======== Data to examine
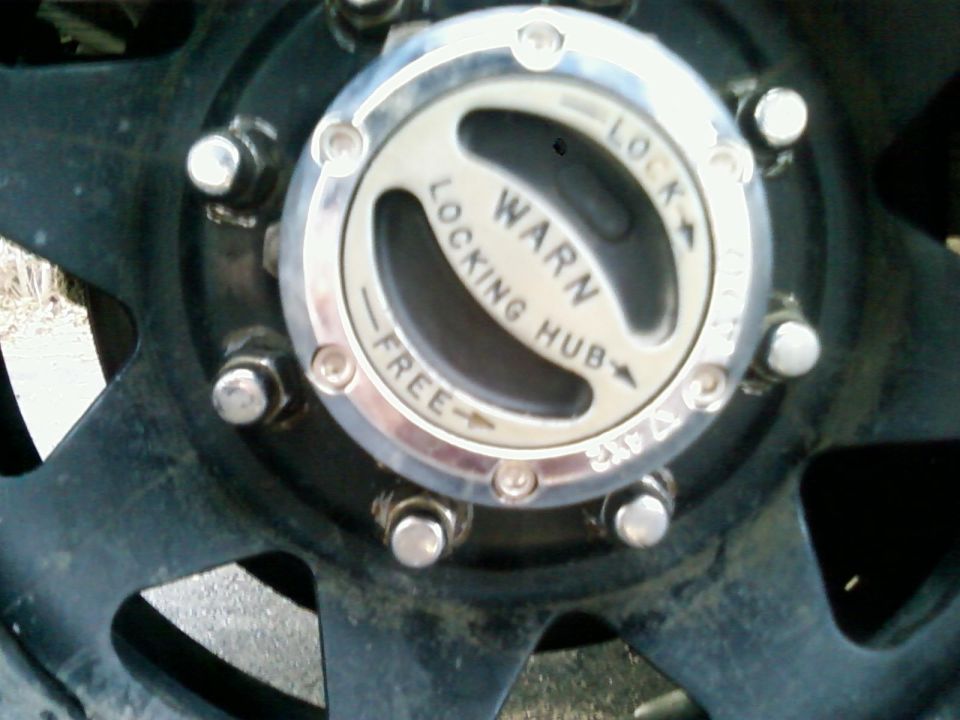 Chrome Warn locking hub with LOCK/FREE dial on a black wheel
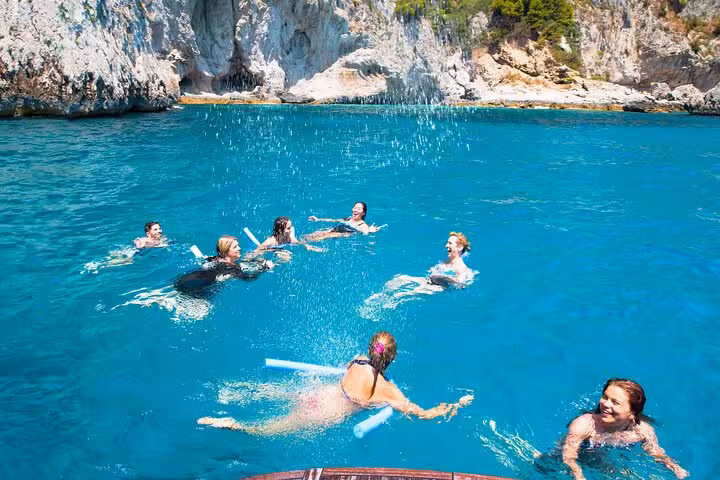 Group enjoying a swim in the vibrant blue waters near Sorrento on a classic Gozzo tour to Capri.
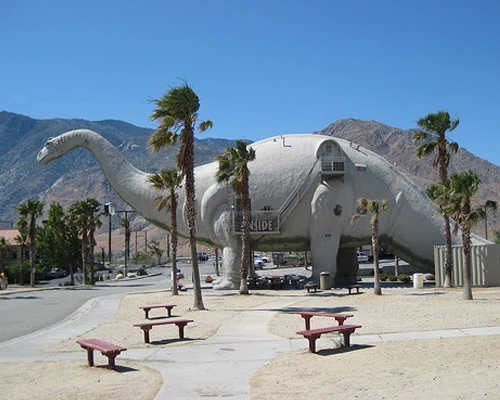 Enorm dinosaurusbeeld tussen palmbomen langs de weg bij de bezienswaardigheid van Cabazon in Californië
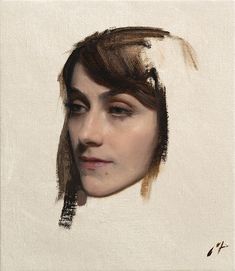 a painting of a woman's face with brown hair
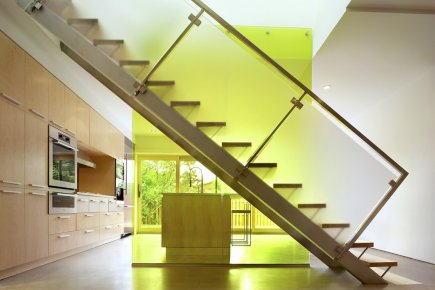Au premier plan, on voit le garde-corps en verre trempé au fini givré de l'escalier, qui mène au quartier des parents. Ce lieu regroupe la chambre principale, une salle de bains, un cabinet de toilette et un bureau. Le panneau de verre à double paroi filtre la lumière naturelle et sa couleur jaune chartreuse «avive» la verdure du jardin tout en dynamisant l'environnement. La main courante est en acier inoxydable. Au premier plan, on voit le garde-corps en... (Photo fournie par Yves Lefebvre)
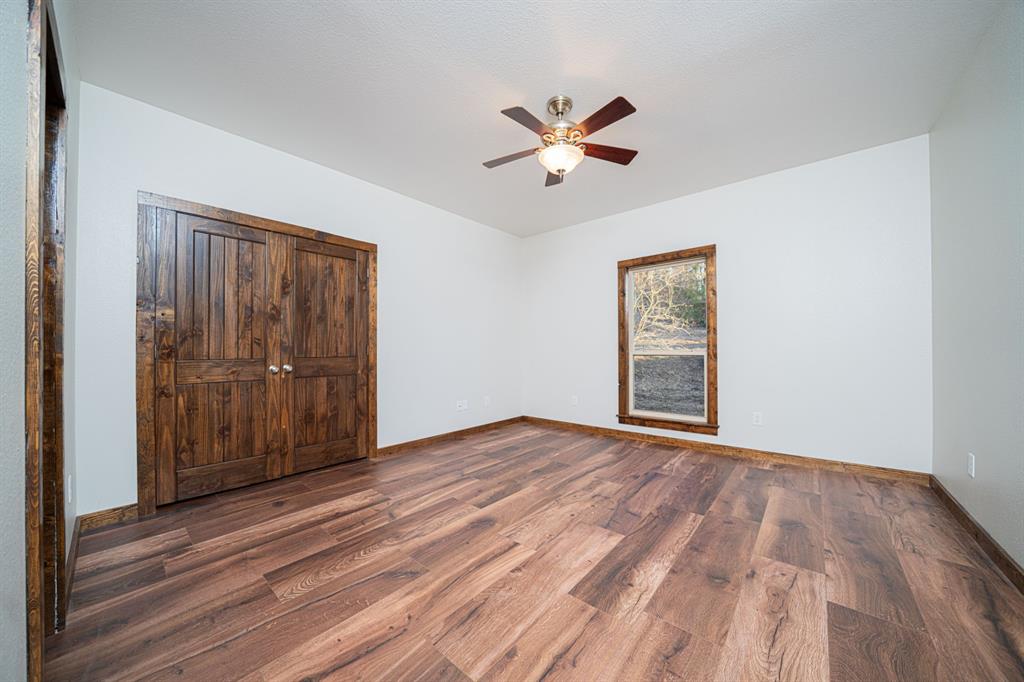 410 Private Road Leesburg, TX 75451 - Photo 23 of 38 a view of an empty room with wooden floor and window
================
Activity: An exact copy of all entries is needed, with no pictures in it.

Written reply:
 Chrome Warn locking hub with LOCK/FREE dial on a black wheel
 Group enjoying a swim in the vibrant blue waters near Sorrento on a classic Gozzo tour to Capri.
 Enorm dinosaurusbeeld tussen palmbomen langs de weg bij de bezienswaardigheid van Cabazon in Californië
 a painting of a woman's face with brown hair
Au premier plan, on voit le garde-corps en verre trempé au fini givré de l'escalier, qui mène au quartier des parents. Ce lieu regroupe la chambre principale, une salle de bains, un cabinet de toilette et un bureau. Le panneau de verre à double paroi filtre la lumière naturelle et sa couleur jaune chartreuse «avive» la verdure du jardin tout en dynamisant l'environnement. La main courante est en acier inoxydable. Au premier plan, on voit le garde-corps en... (Photo fournie par Yves Lefebvre)
 410 Private Road Leesburg, TX 75451 - Photo 23 of 38 a view of an empty room with wooden floor and window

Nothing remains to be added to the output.